Include no pictures. Output exactly the lines from the one that contains "Guillaume Hirselberger, Marjorie" through the final line of the entries.

Captioned web image data
- - -

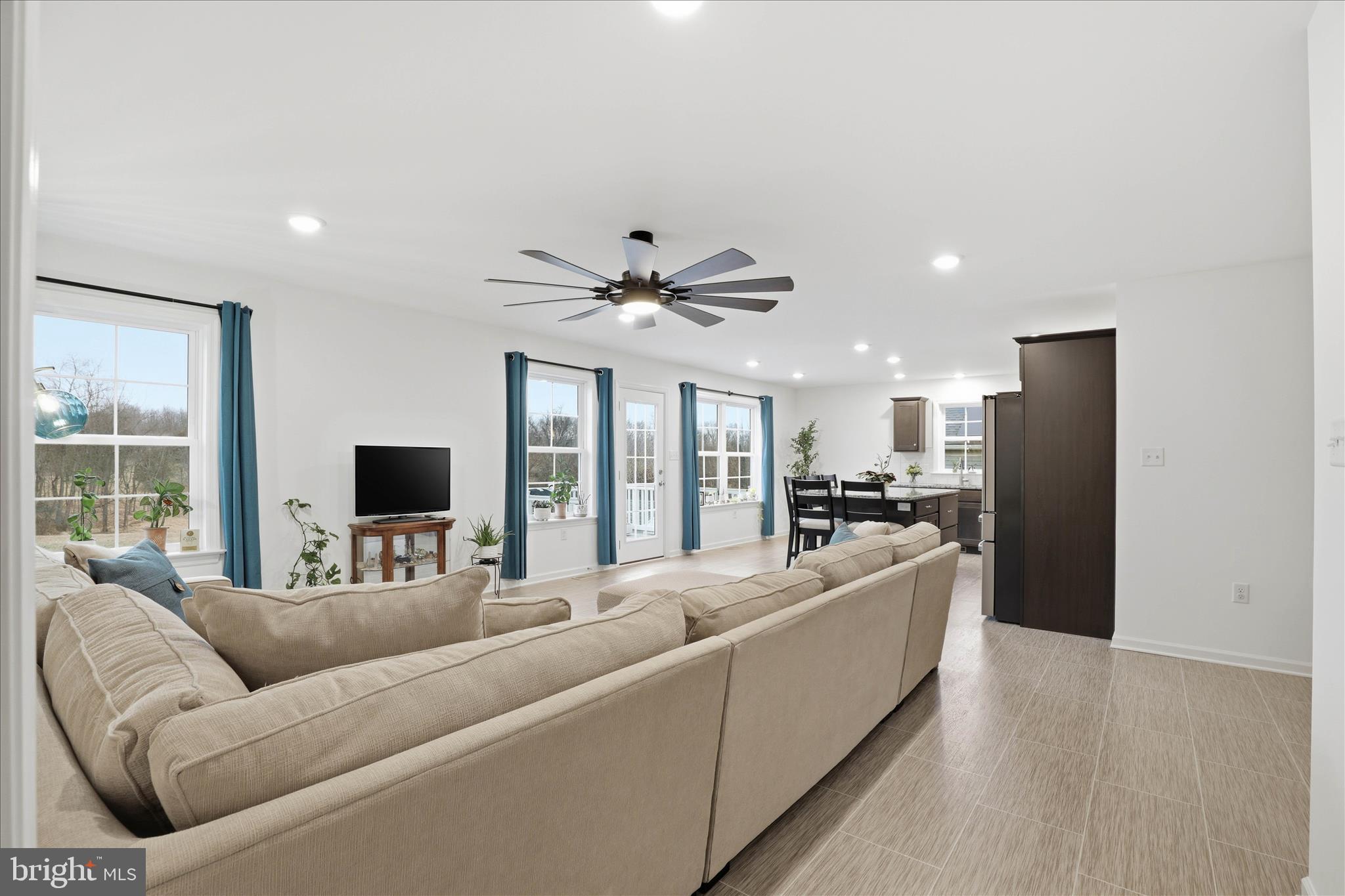 FOX RUN CREEK - Residential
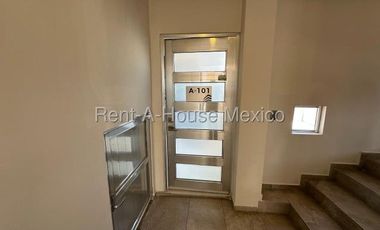 Cañadas del Lago - RENTA. Departamento con 3 recámaras y amenidades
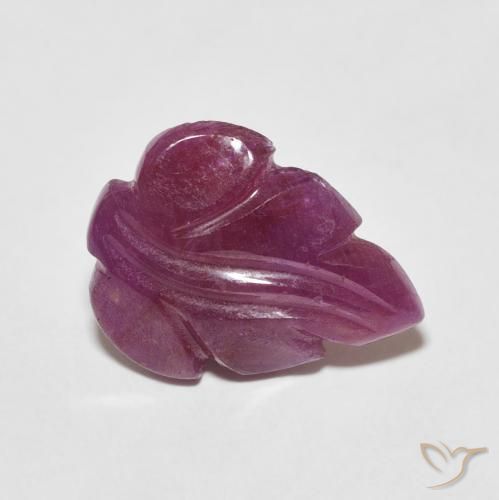 Rubis Rouge foncé naturelle Fantaisie, 3.75 ct, Opaque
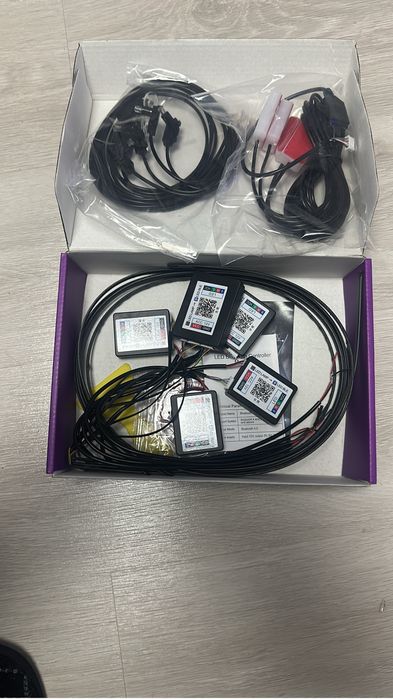 Kit iluminat ambiental digital RGB cu aplicatie - Avem si fire RGB led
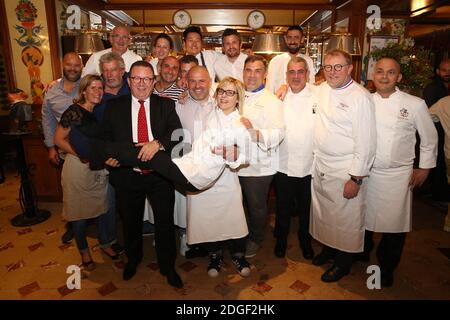 Guillaume Hirselberger, Marjorie Charraire, Joël Dupuch, Jean-Marc Henneton, José Dufour, Amélie Darvas, Eric Ospital, Taku Sekine, Marc Vergé, Christian Etchebest, Sandrine Estévez, Alexandre Giesbert, Gérard Delaunay, Pascal Lemaire, Pascal Jounault et Bernard Leprince assistent a la soiree des 70 Paris, Cochans de France le 28 Juin 2017. Foto von Jerome Domine/ABACAPRESS.COM Stockfoto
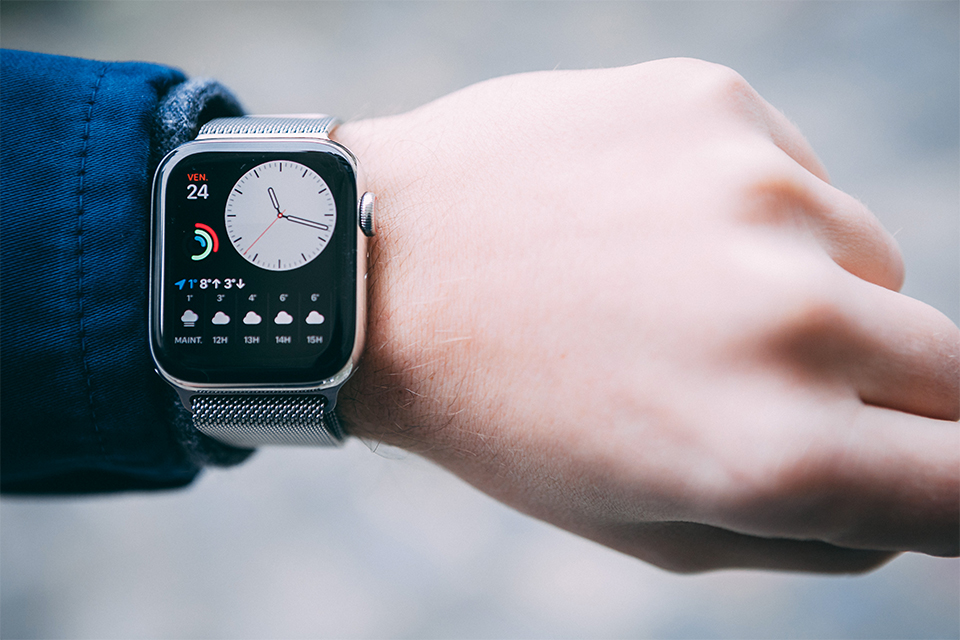 Apple Watch SE - Pourquoi c'est la Montre Connectée d'Apple à Choisir en  2020? 
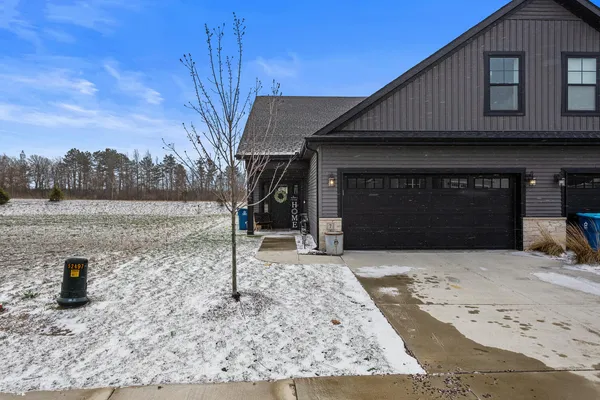 $319,900 | 7 Prairie Trail, Monticello, IL 61856
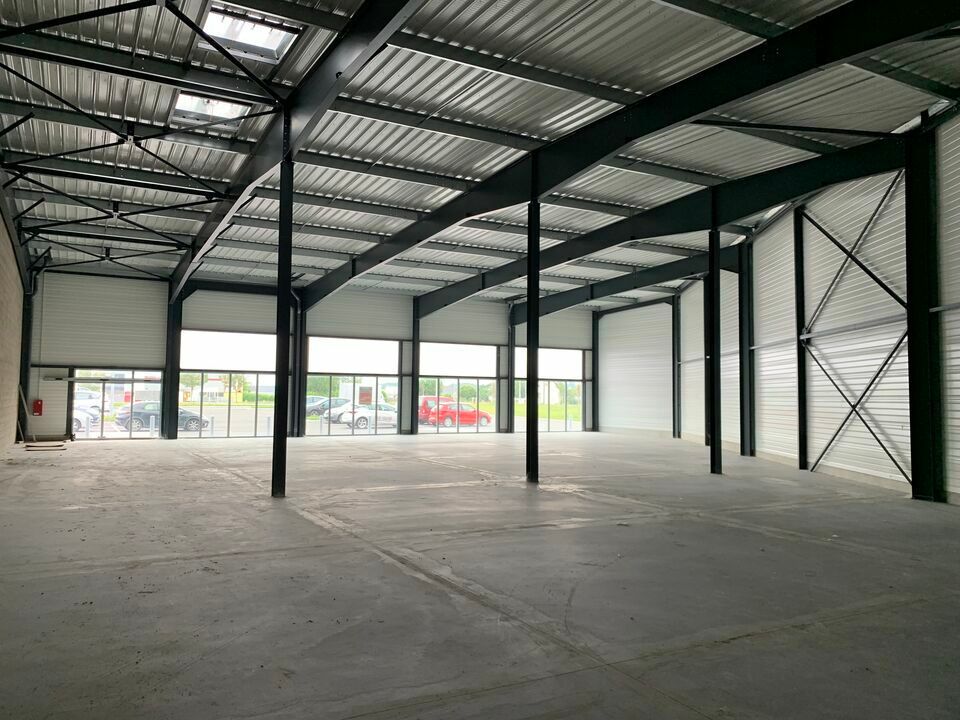 Location local commercial 600 m² non divisibles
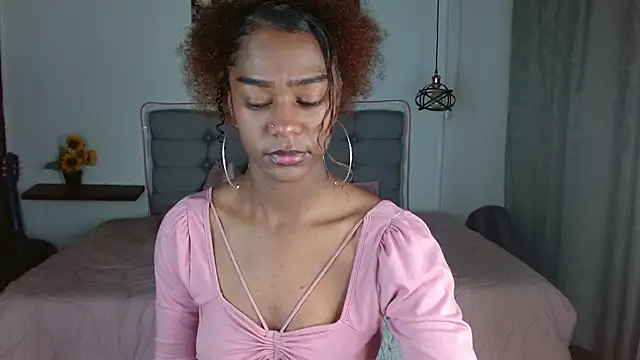 Snapshot of samara_roxx chatting on 11/07/25, 02:33 samara roxx online show from 11/07/25, 02:33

- - -

#### Answer for the task
 Guillaume Hirselberger, Marjorie Charraire, Joël Dupuch, Jean-Marc Henneton, José Dufour, Amélie Darvas, Eric Ospital, Taku Sekine, Marc Vergé, Christian Etchebest, Sandrine Estévez, Alexandre Giesbert, Gérard Delaunay, Pascal Lemaire, Pascal Jounault et Bernard Leprince assistent a la soiree des 70 Paris, Cochans de France le 28 Juin 2017. Foto von Jerome Domine/ABACAPRESS.COM Stockfoto
 Apple Watch SE - Pourquoi c'est la Montre Connectée d'Apple à Choisir en  2020? 
 $319,900 | 7 Prairie Trail, Monticello, IL 61856
 Location local commercial 600 m² non divisibles
 Snapshot of samara_roxx chatting on 11/07/25, 02:33 samara roxx online show from 11/07/25, 02:33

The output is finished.